**Task:**
Among the entries below, extract exactly the lines that run from the one with "Vintage Bus Photography" through the one with "Emoji Plush Pillows (Set of 3) thumbnail", both ends included.

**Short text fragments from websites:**
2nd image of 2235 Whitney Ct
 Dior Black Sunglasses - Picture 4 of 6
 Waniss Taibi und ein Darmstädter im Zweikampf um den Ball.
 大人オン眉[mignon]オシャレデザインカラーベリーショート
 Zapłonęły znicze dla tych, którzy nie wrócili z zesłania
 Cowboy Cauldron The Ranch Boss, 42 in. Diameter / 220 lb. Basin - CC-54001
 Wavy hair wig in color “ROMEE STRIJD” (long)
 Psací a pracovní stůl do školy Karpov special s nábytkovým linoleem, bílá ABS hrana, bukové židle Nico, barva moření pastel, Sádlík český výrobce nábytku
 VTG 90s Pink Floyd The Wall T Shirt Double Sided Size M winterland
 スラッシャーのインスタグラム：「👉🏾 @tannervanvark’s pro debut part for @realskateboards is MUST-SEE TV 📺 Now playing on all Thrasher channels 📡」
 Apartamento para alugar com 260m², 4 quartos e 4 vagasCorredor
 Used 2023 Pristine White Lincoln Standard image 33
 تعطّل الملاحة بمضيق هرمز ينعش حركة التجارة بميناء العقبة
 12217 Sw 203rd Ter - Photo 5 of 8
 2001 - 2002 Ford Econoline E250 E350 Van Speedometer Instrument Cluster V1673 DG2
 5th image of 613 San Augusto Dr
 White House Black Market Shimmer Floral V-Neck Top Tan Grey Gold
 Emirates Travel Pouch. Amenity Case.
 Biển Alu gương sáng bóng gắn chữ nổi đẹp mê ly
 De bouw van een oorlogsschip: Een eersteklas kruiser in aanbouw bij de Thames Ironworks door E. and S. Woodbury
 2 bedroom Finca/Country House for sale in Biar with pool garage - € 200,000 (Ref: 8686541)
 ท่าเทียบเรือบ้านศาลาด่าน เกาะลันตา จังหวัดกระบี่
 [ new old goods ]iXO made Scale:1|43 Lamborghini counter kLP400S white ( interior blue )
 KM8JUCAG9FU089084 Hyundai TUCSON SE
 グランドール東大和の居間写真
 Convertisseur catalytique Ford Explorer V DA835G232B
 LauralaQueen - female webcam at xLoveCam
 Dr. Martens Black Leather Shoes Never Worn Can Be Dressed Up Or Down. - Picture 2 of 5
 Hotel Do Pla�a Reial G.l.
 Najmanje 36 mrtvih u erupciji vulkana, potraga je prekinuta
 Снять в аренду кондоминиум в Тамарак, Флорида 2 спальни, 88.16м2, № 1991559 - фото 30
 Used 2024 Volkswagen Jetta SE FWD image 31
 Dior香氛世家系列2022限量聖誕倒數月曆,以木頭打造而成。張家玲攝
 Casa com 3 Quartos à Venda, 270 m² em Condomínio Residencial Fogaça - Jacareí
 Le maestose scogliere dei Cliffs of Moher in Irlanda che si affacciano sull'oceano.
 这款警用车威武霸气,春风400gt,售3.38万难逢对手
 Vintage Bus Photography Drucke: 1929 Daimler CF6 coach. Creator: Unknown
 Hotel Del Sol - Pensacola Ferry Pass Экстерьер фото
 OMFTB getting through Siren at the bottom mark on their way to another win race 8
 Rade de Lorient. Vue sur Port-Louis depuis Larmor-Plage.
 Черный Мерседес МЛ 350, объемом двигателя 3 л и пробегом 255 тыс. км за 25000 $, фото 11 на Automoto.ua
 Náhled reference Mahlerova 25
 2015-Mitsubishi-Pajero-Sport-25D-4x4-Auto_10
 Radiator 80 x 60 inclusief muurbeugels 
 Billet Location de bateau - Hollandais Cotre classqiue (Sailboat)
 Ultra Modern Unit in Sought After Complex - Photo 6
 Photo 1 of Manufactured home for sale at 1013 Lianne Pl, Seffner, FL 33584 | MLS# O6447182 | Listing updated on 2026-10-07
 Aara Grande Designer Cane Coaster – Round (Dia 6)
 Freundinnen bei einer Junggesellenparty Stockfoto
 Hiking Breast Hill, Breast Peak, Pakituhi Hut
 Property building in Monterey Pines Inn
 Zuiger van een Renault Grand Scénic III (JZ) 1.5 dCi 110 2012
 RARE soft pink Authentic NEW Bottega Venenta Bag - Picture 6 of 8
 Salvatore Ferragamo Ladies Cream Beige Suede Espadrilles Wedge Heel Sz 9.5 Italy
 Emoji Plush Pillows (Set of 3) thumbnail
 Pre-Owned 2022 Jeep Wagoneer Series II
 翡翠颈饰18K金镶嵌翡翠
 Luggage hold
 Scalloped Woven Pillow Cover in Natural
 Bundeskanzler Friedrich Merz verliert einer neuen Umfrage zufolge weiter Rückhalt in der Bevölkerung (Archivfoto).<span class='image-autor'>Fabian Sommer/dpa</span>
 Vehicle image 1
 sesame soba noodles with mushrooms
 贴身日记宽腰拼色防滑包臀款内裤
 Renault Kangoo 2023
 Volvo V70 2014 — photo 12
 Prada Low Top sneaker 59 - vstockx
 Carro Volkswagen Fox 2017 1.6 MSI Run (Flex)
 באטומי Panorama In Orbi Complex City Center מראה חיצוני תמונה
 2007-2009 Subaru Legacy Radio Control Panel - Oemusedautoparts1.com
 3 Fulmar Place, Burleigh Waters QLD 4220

**Output for this task:**
 Vintage Bus Photography Drucke: 1929 Daimler CF6 coach. Creator: Unknown
 Hotel Del Sol - Pensacola Ferry Pass Экстерьер фото
 OMFTB getting through Siren at the bottom mark on their way to another win race 8
 Rade de Lorient. Vue sur Port-Louis depuis Larmor-Plage.
 Черный Мерседес МЛ 350, объемом двигателя 3 л и пробегом 255 тыс. км за 25000 $, фото 11 на Automoto.ua
 Náhled reference Mahlerova 25
 2015-Mitsubishi-Pajero-Sport-25D-4x4-Auto_10
 Radiator 80 x 60 inclusief muurbeugels 
 Billet Location de bateau - Hollandais Cotre classqiue (Sailboat)
 Ultra Modern Unit in Sought After Complex - Photo 6
 Photo 1 of Manufactured home for sale at 1013 Lianne Pl, Seffner, FL 33584 | MLS# O6447182 | Listing updated on 2026-10-07
 Aara Grande Designer Cane Coaster – Round (Dia 6)
 Freundinnen bei einer Junggesellenparty Stockfoto
 Hiking Breast Hill, Breast Peak, Pakituhi Hut
 Property building in Monterey Pines Inn
 Zuiger van een Renault Grand Scénic III (JZ) 1.5 dCi 110 2012
 RARE soft pink Authentic NEW Bottega Venenta Bag - Picture 6 of 8
 Salvatore Ferragamo Ladies Cream Beige Suede Espadrilles Wedge Heel Sz 9.5 Italy
 Emoji Plush Pillows (Set of 3) thumbnail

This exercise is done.